加瀬俊一『評伝 アドルフ ヒトラー』を読んでいます。

2015年05月21日 02時39分38秒 | 古希からの田舎暮らし 80歳から
 加瀬俊一の『評伝 アドルフ ヒトラー』は1978年(昭和53年)発行の古い本です。出版された頃に入手して、ときどき思い出したように数回読み返し、多くの本を処分してしまったいまも手元にあります。
 本棚をながめているうちに「最後にもう一度読み返してみよう」という気になり、半分読んだところです。
 なぜこの本に惹かれるか。
 加瀬俊一はここに登場する、ヒトラー/ゲーリング/チェンバレン/チャーチル/スターリン/ルーズベルト/ などと日本の外交官として実際に出会い、交流のあった人です。彼はこうした人物と会ったときの相手の印象やその場の様子を、よく伝わる文章で書いてくれてます。敗戦後も101歳まで生きて、膨大で貴重な、戦前・戦中・戦後の証言を著述し、日本の国連加盟に尽力しました。
 ヒトラーには「引き込まれるような瞳」を感じ、「俗物のゲーリングに親しみを感じた」というような描写は、実際に会った人だから書けたことで、後世の歴史研究家の著述では出会えない文です。
 ヒトラーは「映画(に撮られ、映像として残される)大好き人間」でした。
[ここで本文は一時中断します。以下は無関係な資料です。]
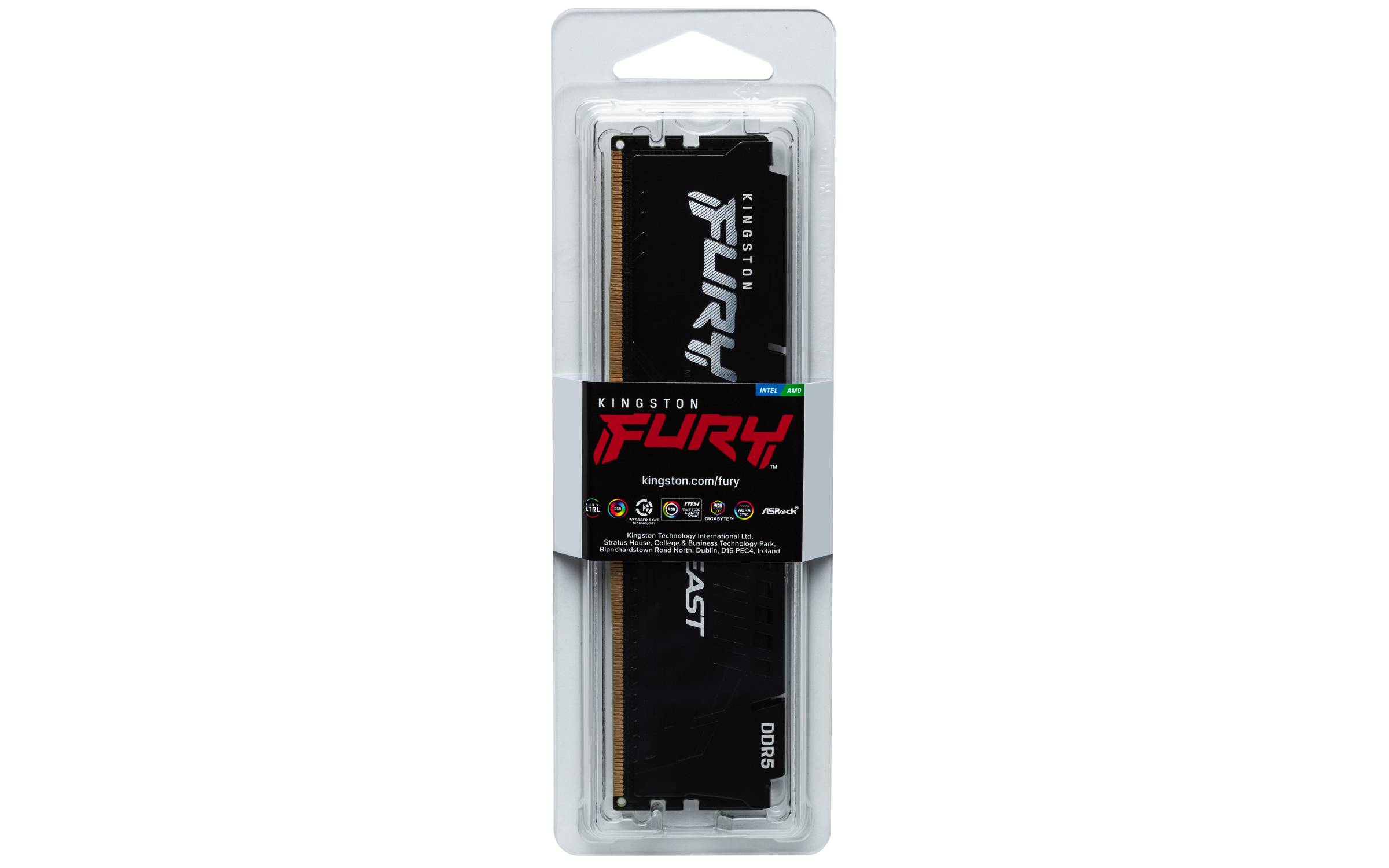 Memoria RAM DDR5 64GB 5600MHz CL36 Kingston FURY Beast , 288-pin DIMM, Black 6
大衆の前でポーズする自分を、多くの器材とスタッフで撮らせました。いまも迫力あるドキュメントとして見ることができます。そのフィルムでは、少年・少女・青年・淑女たちがヒトラーの車を追い掛け、花を投げ、右手を高く挙げて「ハイル ヒトラー!」と精いっぱいの声で叫んでいます。その手は指先まで「ピーン」と伸びて、熱狂が指先からほとばしっています。
 この映像は嘘ではない。ヤラセではない。演出なしの大衆の熱狂です。
 ヒトラーの命令でナチス・ドイツのやった戦争。それを反省し、全面否定し、全体主義を封じ込めるドイツの姿勢ととりくみ。
 多くの大衆は、自分が一度はあの熱狂の出演者だったことを、忘れないようにして敗戦後の70年が経過しました。
 
 何度も何度も書きますが、昭和12年(1937年)生まれのぼくは、もし10年早く生まれていたら、真珠湾攻撃のとき14歳だったら、じっとしれおれないほど熱狂したでしょう。すぐにでも鉄砲かついで戦争に行きたいと興奮したでしょう。
 そしてどうなったか。上官たちは、参謀本部で/前線で/どのように振る舞ったか。無茶な命令をした上官たちは敗戦後なんといったか。物資を隠匿したり「一億総ざんげ」という言葉に隠れて口をぬぐってしまった大人たちと、それを許した日本の精神的風土に、いまも怒りをもっています。
 自分の正義感が、ちゃんと成り立つためには、大人たちの「おわび」がどうしても要ると思っています。自分があのとき大人だったとしたら、何にもできなかったでしょうが、それでも。